FIG. 13 is a sectional view showing a common configuration of the transmissive-type LCD. The transmissive-type LCD has a backlight 110 on a rear side of a liquid crystal panel 100. The liquid crystal panel 100 is configured in such a manner that a liquid crystal layer 103 is provided between a pair of transparent substrates 101 and 102, and polarizers 104 and 105 are provided on outer sides of the transparent substrates 101 and 102, respectively. Further, a color filter 106 is provided in the liquid crystal panel 100 so that color displays become available.
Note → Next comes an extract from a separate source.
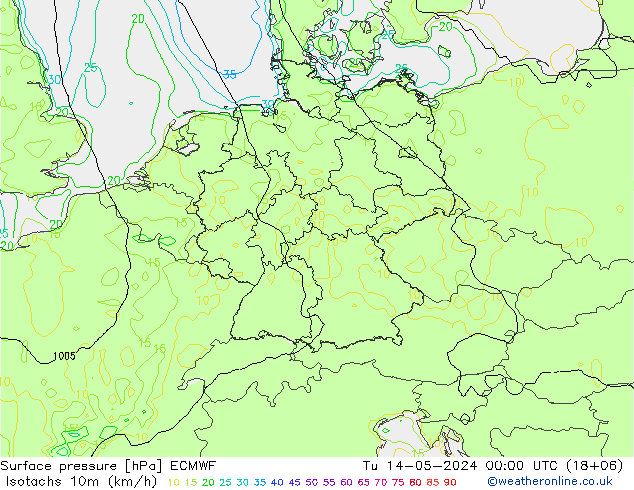 Isotaca (kph) ECMWF mar 14.05.2024 00 UTC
Although not illustrated, an electrode layer and an alignment layer are provided inside of the transparent substrates 101 and 102. Voltage to be applied to the liquid crystal layer 103 is controlled so that the amount of light passing through the liquid crystal panel 100 is controlled on a pixel-to-pixel basis. Specifically, the transmissive-type LCD controls light from the backlight 110 in such a manner that the amount of light that is to pass through is controlled at the liquid crystal panel 100, thereby controlling displays.
The backlight 110 emits light that contains wavelengths of three colors RGB necessary for color displays. In combination with the color filter 106, respective RGB are adjusted in transmissivity of light, whereby it becomes possible to determine luminance and hue of the pixels arbitrarily. White-color light sources, such as Electro-luminescence (EL), cold-cathode fluorescent lamps (CCFL), and light emitting diodes (LED) are commonly used as the backlight 110.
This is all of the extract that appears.